Mother’s Day (of the Dead)

Published August 24, 2015 in Episode 18

It’s August, and Pháp Vân Buddhist temple is bustling with activity. People are moving about, cleaning, arranging, and fussing with the decorations.

A strong relaxing scent of incense wafts through the altar room, as the eyes of the giant Buddha statue gaze down peacefully, seemingly smiling at the large containers of flowers. Some blooms are in deep shades of red, others are bone white. The colors can only mean one thing:  Lễ Vu Lan is here.  

The Venerable Thích Nhật Quán, a monk at the temple explains that Vu Lan is a time to honor and give thanks to one’s parents:

Parents in this sense include one’s living father and/or mother and fathers or mothers who have passed. Another more profound meaning is that, for Vietnamese Buddhists, parents aren’t just our parents of this lifetime. But usually during the Vu Lan festival we pray for our parents of seven other lifetimes.

The origins of the festival can be traced back to Buddhist roots.  

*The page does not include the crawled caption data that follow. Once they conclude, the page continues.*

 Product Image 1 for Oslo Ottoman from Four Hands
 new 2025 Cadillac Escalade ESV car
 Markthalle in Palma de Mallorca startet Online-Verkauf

The Ullambana Sutra, which is a series of Buddhist scriptures, tells the story of Maudgalyāyana, one of the Buddha’s chief disciples, on a quest to free his mother from suffering, as she has been reborn into one of the lower realms.  He is instructed by the Buddha to make food offerings on the fifteenth day of the seventh month. Thus began the tradition of offering food to help guide lost, suffering souls.  

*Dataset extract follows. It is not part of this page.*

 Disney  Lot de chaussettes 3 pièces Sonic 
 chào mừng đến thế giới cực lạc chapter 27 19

Although there are slight variations in certain customs and beliefs in different countries, the fundamental rituals and spirit remain essentially the same.

In the Vietnamese adaptation of this story, Maudgalyāyana, who is known as Mục Kiện Liên in Việt Nam, is on a quest to liberate his mother from suffering, this time in hell. This version explains why the Vietnamese also observe Vu Lan by praying for condemned souls to be pardoned from hell.

“Once the Venerable Mục Kiện Liên had attained the perfect enlightenment, he used his divine eyes to observe the world. He began to think of his parents' gift of life, and he thought of his mother,” The Venerable Thích Nhật Quán explains further. “With his divine eyes, he saw his late mother reborn and suffering the tortures of hell. In Buddhism, we refer to it as a the realm of hell. When he saw this, he wanted to save her, but didn't know how. Finally, he turned to Buddha and pleaded to save his mother from her suffering. The Buddha instructed him to rely on the united strength of the Sangha in order to save his mother. The combined prayers proved to be so powerful that consequently, his mother was liberated from the realm of hell.”

Vu Lan is the second largest annual traditional festival after Tết, the lunar new year. Though the festival has Buddhist roots, the tradition of honoring parents and ancestors crosses many religious lines in Việt Nam, where the dead are very much a part of daily life.